Camilo, um amor de perdição

Hélder Magalhães

2019-06-19

“Era, pois, em 1851, aos 15 de Junho, nas Caldas de Vizela.”


Seria deveras interessante, passados cento e sessenta e oito anos, observar Camilo “entre os salgueiros que enverdecem uma ilheta acima da ponte que hoje chamam «velha»”. 
É neste sinceiral que se dá o começo da novela Gracejos que Matam. Entre quais personagens se daria hoje o duelo, quem seria capaz de melhor esgrimir os argumentos, ferindo de morte o adversário? O mais certo seria Camilo concluir que o ar sulfúrico de Vizela continua a fazer vítimas.  
Camilo Castelo Branco procurou em Vizela a cura para as suas maleitas. 
As temporadas passadas nas termas fizeram eco na sua literatura, sendo a narrativa de Gracejos que Matam o exemplo mais flagrante desse facto.

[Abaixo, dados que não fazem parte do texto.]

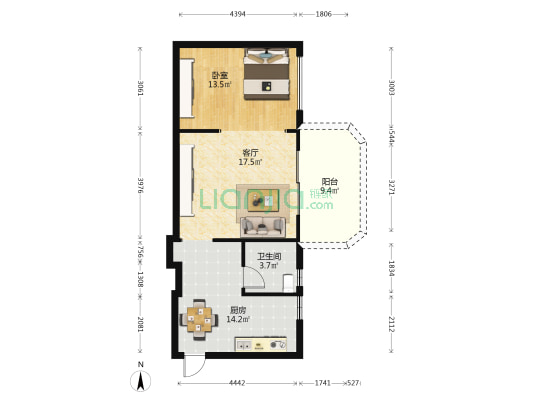 金陵海景花园 1室1厅1卫 74平方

Aqui travou conhecimento com as mais diversas personagens, alimentando a trama nos meandros das margens do Vizela. A leitura da referida novela permite-nos fazer essa travessia, com uma distância temporal de vinte anos. 
O narrador faz questão de nos elucidar para pormenores do antes e depois, as transformações ocorridas durante esse período, como, por exemplo, nos demonstra a seguinte passagem: “Ao repontar da manhã, atravessámos o Vizela por umas alpondras sobre as quais se encurvam hoje os arcos da Ponte Nova.” A vida de Camilo talvez tenha sido um contínuo duelo consigo mesmo, ao qual decidiu pôr termo com uma bala na cabeça. Deixou-nos uma obra inigualável, em quantidade e qualidade. Ser parte desse murmúrio que percorre a corrente das páginas devia ser um privilégio para nós, enquanto vizelenses. 
Certamente, o nosso olhar readquiria uma nova forma de olhar vários elementos que fazem parte da nossa cultura e património.  “Estava eu a entalhar um M na casca de um amieiro. Era a inicial de uma das cinco Marias que eu amava.”